Required work >>
Restate exactly, and only, the lines from the one containing "Apartament 2 camere, decomandat, - imagine 2" through the end of the entries, keeping both endpoints.

Entries provided >>

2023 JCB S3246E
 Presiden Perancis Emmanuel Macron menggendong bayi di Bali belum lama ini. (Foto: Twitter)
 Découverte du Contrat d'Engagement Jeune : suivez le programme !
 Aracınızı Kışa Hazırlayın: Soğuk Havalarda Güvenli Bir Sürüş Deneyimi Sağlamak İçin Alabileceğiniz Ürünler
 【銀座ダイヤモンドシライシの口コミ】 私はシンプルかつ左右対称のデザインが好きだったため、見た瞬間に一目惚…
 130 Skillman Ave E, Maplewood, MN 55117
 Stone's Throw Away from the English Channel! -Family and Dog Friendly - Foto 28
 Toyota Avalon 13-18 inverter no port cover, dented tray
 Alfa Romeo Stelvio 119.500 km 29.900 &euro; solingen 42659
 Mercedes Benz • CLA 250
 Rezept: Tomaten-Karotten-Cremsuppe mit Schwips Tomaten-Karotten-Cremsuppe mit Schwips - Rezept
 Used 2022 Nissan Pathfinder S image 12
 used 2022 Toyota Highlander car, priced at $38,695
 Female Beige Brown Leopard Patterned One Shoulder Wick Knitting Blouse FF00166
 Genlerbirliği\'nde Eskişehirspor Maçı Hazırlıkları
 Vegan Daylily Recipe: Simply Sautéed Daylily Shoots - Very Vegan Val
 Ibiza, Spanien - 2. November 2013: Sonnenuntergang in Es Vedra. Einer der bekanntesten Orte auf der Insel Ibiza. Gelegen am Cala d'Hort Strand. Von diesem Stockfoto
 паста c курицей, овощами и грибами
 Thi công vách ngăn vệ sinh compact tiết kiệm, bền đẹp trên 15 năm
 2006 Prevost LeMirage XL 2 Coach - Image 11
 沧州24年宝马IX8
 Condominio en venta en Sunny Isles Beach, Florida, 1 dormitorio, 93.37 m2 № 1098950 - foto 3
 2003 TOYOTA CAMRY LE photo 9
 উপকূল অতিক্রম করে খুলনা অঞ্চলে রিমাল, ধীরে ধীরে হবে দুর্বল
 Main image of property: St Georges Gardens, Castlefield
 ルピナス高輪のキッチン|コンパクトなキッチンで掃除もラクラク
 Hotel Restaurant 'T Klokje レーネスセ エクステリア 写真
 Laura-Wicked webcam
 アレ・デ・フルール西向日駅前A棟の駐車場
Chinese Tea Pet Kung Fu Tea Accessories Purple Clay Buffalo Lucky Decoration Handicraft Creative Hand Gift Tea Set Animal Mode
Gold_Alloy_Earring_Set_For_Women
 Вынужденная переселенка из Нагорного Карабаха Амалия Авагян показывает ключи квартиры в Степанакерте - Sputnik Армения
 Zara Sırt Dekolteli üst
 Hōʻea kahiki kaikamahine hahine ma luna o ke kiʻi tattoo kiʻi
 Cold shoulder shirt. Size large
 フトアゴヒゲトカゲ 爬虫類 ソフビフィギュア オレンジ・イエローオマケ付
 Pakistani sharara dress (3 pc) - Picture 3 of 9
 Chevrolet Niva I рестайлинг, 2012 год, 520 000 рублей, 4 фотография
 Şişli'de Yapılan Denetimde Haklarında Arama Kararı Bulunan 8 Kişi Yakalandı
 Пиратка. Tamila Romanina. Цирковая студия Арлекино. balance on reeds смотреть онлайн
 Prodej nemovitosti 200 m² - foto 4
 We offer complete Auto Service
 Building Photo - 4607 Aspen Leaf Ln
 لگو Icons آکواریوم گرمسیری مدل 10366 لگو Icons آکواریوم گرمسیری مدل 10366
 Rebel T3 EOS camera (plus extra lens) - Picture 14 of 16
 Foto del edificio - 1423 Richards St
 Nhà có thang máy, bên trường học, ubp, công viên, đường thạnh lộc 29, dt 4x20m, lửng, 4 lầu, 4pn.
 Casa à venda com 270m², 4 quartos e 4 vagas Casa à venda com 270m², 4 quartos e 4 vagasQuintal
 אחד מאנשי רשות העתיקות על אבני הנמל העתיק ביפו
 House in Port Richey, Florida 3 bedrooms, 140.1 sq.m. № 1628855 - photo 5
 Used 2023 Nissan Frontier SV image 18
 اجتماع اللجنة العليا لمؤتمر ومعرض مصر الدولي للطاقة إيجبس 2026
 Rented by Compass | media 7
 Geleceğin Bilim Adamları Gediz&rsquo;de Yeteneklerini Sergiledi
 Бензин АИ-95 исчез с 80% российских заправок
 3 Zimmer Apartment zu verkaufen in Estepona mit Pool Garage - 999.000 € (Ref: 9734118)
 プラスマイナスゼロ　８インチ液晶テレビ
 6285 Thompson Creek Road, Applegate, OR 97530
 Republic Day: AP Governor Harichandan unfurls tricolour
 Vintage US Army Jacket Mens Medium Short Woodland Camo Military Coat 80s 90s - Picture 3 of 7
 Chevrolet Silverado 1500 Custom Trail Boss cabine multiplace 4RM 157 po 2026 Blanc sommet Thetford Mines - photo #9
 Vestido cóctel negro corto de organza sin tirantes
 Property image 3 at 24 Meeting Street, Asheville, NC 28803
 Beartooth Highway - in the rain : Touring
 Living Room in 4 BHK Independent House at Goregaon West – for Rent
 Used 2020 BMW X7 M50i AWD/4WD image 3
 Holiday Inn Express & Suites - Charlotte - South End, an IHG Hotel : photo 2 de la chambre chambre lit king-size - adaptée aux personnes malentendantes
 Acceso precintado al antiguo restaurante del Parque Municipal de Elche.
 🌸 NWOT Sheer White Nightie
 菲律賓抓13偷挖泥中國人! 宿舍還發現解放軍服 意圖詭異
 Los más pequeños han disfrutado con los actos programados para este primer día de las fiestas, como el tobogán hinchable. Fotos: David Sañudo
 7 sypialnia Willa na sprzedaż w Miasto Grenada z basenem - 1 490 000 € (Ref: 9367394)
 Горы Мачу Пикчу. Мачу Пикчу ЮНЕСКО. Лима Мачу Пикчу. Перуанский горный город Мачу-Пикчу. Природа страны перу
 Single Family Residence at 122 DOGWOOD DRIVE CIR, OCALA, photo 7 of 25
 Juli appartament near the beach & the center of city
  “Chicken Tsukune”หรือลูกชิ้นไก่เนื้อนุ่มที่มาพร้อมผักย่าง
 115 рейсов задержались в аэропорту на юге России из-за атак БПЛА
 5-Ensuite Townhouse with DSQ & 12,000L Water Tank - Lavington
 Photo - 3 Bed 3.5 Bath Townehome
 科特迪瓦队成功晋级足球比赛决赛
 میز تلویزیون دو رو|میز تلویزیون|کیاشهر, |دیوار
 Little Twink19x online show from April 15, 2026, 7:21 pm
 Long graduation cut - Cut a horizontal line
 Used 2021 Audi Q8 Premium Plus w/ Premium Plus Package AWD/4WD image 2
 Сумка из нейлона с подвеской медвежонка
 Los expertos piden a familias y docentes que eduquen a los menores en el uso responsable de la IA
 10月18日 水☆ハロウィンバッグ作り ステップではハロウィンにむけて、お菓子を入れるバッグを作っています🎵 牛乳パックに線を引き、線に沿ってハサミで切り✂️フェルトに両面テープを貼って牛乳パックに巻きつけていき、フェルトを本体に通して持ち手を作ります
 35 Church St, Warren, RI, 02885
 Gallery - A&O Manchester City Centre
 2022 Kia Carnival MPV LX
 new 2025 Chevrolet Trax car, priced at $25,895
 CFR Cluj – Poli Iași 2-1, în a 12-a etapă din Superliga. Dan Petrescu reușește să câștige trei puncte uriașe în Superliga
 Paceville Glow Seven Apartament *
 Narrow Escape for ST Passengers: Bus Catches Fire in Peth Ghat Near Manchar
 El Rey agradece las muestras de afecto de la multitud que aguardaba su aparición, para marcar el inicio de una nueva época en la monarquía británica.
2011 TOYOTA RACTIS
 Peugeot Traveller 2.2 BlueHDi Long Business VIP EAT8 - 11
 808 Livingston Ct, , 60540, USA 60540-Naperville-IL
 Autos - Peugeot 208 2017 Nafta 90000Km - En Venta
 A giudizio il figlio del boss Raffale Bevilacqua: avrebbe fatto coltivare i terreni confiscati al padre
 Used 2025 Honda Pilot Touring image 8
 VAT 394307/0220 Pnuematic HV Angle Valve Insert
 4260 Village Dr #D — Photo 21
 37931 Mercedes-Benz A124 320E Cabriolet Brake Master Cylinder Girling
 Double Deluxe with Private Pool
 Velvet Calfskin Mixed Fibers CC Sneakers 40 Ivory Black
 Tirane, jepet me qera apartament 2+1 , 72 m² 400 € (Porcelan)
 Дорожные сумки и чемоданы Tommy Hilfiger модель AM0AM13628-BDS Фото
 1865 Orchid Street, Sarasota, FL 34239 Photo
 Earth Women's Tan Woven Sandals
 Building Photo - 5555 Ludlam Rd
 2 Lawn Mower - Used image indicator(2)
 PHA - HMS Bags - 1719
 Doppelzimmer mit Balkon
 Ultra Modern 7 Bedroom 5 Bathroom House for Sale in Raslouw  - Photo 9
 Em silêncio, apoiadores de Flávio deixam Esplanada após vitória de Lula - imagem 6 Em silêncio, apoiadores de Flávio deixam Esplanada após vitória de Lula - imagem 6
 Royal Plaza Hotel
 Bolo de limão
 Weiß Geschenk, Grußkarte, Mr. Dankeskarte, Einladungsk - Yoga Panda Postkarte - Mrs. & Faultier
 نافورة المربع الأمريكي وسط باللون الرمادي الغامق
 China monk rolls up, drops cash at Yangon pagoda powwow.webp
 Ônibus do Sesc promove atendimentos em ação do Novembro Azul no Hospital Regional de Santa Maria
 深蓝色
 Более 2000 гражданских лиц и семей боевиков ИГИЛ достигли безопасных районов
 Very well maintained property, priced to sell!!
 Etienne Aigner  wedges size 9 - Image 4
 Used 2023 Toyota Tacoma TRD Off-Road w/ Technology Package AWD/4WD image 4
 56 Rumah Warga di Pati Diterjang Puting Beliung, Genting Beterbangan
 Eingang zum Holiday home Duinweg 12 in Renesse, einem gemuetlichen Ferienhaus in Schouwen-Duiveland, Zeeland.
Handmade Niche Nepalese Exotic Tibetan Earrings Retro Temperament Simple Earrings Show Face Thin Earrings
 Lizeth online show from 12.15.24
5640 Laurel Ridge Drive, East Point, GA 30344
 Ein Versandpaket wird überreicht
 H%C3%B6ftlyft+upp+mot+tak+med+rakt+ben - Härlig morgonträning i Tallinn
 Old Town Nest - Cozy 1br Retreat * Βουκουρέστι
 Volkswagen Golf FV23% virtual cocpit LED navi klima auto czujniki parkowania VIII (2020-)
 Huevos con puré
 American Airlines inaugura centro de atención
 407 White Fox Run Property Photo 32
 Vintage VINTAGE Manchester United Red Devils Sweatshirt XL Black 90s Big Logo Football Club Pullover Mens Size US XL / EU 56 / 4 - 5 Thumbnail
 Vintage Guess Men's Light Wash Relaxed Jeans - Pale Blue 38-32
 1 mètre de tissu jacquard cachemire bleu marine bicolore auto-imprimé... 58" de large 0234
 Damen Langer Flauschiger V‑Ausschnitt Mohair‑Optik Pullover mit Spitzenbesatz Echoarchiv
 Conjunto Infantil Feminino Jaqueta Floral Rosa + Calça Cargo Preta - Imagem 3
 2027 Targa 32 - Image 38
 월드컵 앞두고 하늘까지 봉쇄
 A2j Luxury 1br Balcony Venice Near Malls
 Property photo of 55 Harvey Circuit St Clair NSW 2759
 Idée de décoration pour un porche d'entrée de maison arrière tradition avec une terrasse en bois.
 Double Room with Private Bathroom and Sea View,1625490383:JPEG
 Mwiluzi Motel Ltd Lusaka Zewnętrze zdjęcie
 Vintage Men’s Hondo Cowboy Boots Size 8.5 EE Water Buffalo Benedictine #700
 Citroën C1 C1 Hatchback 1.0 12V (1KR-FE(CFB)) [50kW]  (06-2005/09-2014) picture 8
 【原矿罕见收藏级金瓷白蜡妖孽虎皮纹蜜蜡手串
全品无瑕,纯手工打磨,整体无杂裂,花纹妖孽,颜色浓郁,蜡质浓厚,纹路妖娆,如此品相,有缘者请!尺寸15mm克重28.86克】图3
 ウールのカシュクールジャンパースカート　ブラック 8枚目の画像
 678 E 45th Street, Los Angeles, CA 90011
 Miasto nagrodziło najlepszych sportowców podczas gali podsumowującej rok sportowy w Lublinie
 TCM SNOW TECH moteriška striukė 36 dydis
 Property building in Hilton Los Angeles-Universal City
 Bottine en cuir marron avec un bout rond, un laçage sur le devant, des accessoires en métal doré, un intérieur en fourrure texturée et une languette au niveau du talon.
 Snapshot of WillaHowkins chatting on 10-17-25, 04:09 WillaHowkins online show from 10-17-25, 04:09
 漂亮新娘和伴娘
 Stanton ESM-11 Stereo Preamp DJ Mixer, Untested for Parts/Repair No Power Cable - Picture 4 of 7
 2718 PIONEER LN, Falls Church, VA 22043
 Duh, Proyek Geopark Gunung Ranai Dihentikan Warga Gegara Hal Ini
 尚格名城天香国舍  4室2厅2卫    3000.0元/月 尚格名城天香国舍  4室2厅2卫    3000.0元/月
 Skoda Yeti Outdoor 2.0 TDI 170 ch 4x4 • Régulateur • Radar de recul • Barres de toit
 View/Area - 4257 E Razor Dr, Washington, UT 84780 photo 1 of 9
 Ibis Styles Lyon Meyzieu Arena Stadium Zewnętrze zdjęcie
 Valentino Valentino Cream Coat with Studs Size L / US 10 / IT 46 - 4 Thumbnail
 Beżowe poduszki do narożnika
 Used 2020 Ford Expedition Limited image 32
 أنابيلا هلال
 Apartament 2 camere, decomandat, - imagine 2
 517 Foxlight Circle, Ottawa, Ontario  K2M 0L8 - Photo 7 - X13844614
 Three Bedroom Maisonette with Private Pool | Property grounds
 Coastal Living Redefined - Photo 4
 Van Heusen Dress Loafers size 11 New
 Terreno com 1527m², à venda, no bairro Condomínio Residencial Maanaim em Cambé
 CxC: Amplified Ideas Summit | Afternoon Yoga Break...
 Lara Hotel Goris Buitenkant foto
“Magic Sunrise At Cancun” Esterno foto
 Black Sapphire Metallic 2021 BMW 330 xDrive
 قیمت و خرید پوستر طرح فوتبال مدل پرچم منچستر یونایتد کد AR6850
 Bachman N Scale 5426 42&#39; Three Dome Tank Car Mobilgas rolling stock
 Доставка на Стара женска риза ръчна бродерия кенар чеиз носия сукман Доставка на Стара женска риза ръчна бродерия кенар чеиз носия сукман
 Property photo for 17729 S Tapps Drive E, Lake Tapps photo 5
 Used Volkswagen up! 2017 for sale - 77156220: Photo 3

Your response >>
 Apartament 2 camere, decomandat, - imagine 2
 517 Foxlight Circle, Ottawa, Ontario  K2M 0L8 - Photo 7 - X13844614
 Three Bedroom Maisonette with Private Pool | Property grounds
 Coastal Living Redefined - Photo 4
 Van Heusen Dress Loafers size 11 New
 Terreno com 1527m², à venda, no bairro Condomínio Residencial Maanaim em Cambé
 CxC: Amplified Ideas Summit | Afternoon Yoga Break...
 Lara Hotel Goris Buitenkant foto
“Magic Sunrise At Cancun” Esterno foto
 Black Sapphire Metallic 2021 BMW 330 xDrive
 قیمت و خرید پوستر طرح فوتبال مدل پرچم منچستر یونایتد کد AR6850
 Bachman N Scale 5426 42&#39; Three Dome Tank Car Mobilgas rolling stock
 Доставка на Стара женска риза ръчна бродерия кенар чеиз носия сукман Доставка на Стара женска риза ръчна бродерия кенар чеиз носия сукман
 Property photo for 17729 S Tapps Drive E, Lake Tapps photo 5
 Used Volkswagen up! 2017 for sale - 77156220: Photo 3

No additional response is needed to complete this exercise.